## Exercise prompt
Among the entries below, the lines from the one with "Green delivery service" up to and including the one with "Pijama Feminino Longo" are to be restated exactly, without pictures.

--- Input data Enclosed Below ---

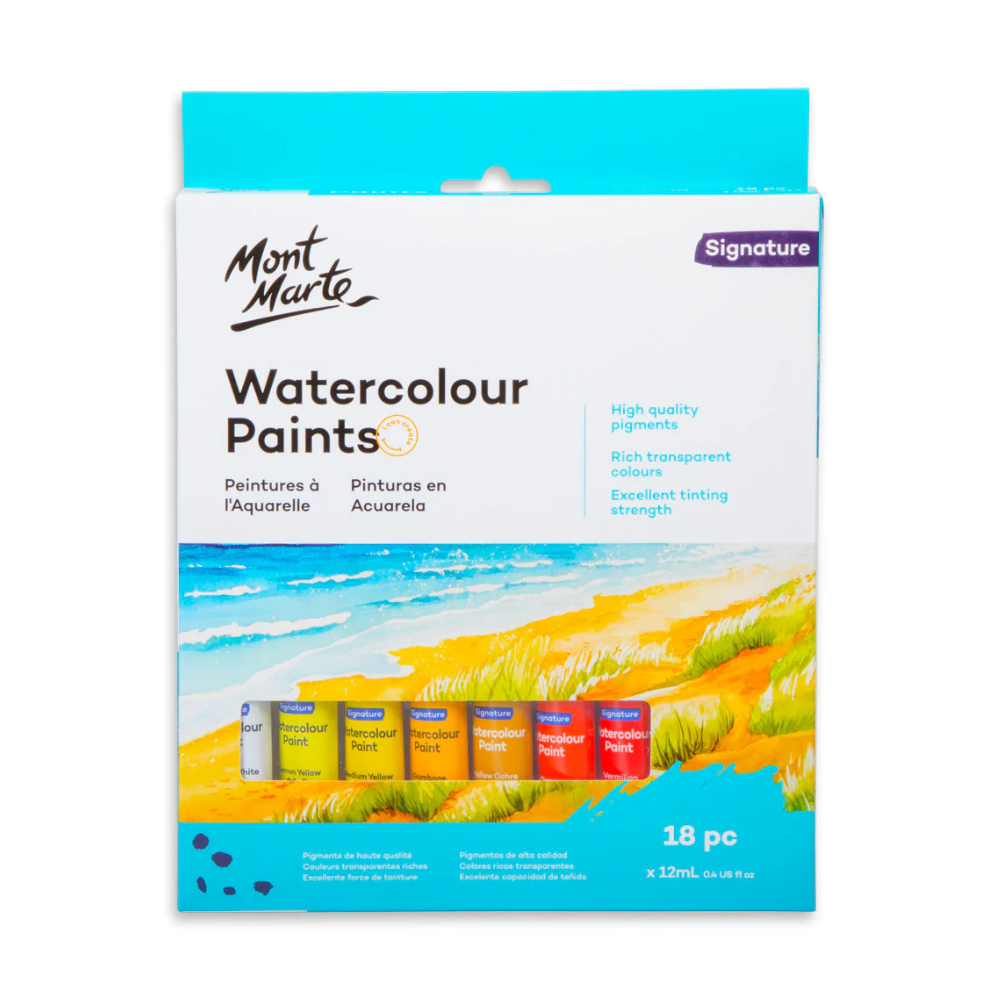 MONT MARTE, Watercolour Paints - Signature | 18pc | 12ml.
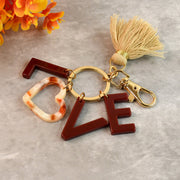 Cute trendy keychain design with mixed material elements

--- End of Enclosed Input data ---
--- Input data Enclosed Below ---

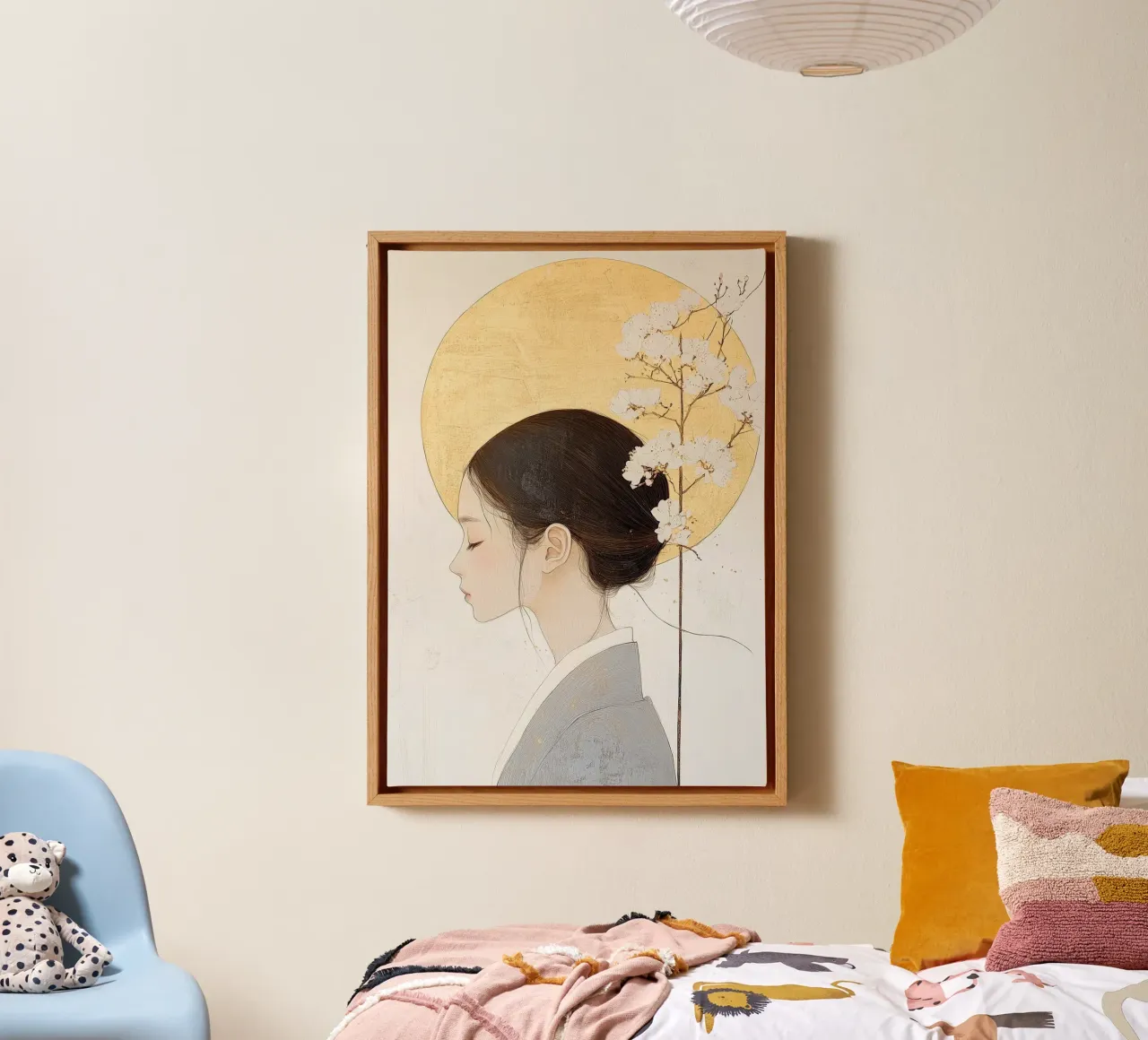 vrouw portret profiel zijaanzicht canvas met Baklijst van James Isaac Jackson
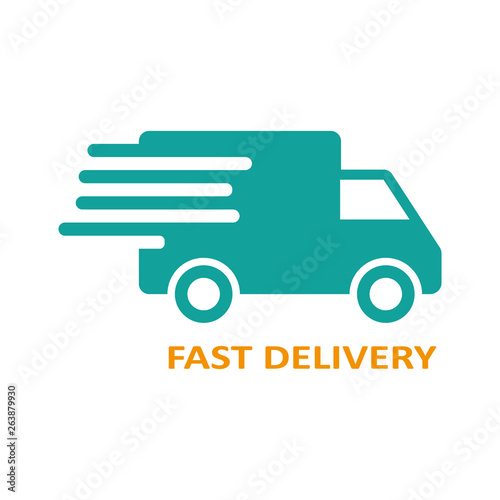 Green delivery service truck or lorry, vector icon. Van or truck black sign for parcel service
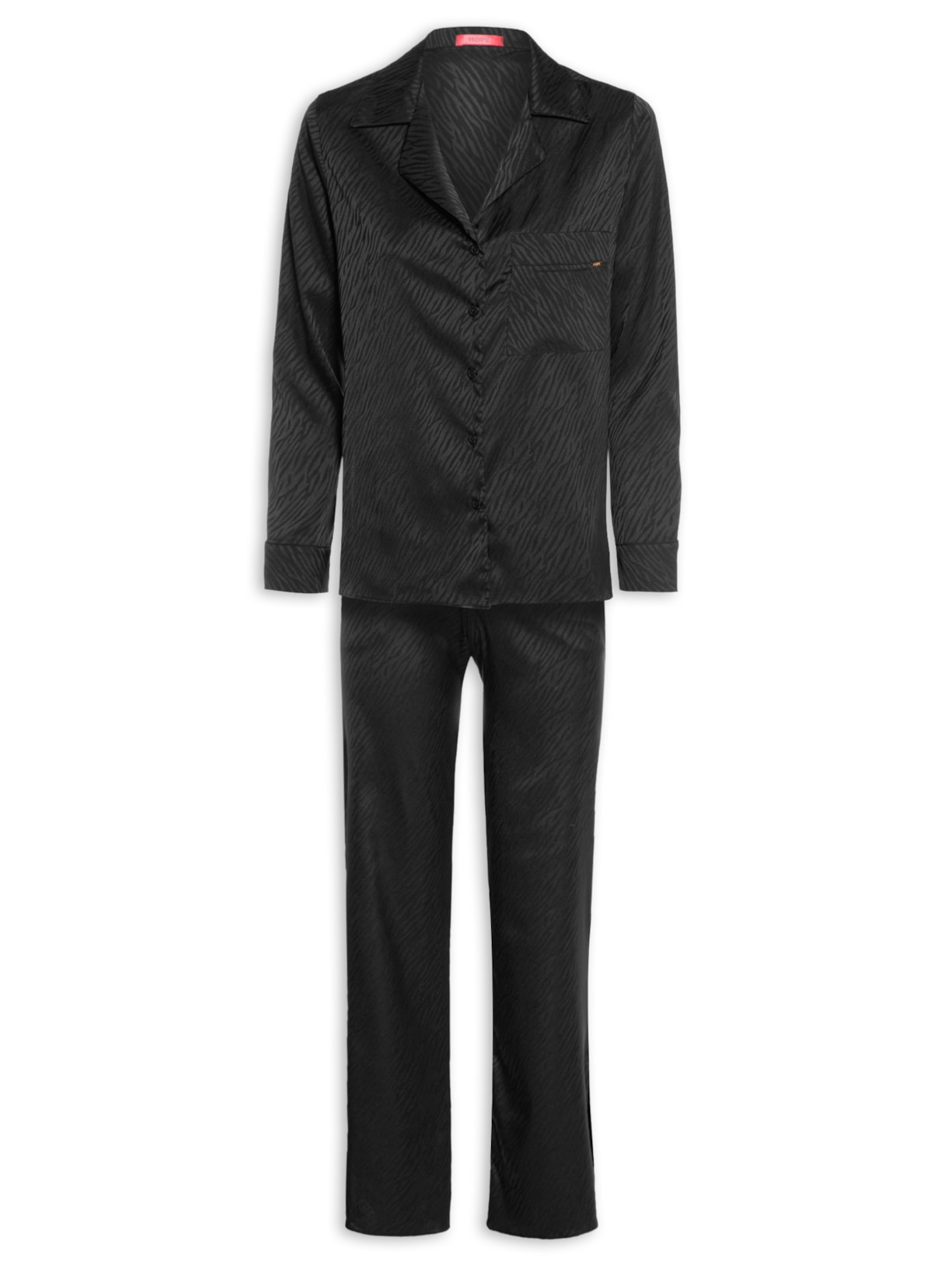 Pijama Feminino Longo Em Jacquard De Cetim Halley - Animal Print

--- End of Enclosed Input data ---

## Exercise response
 Green delivery service truck or lorry, vector icon. Van or truck black sign for parcel service
 Pijama Feminino Longo Em Jacquard De Cetim Halley - Animal Print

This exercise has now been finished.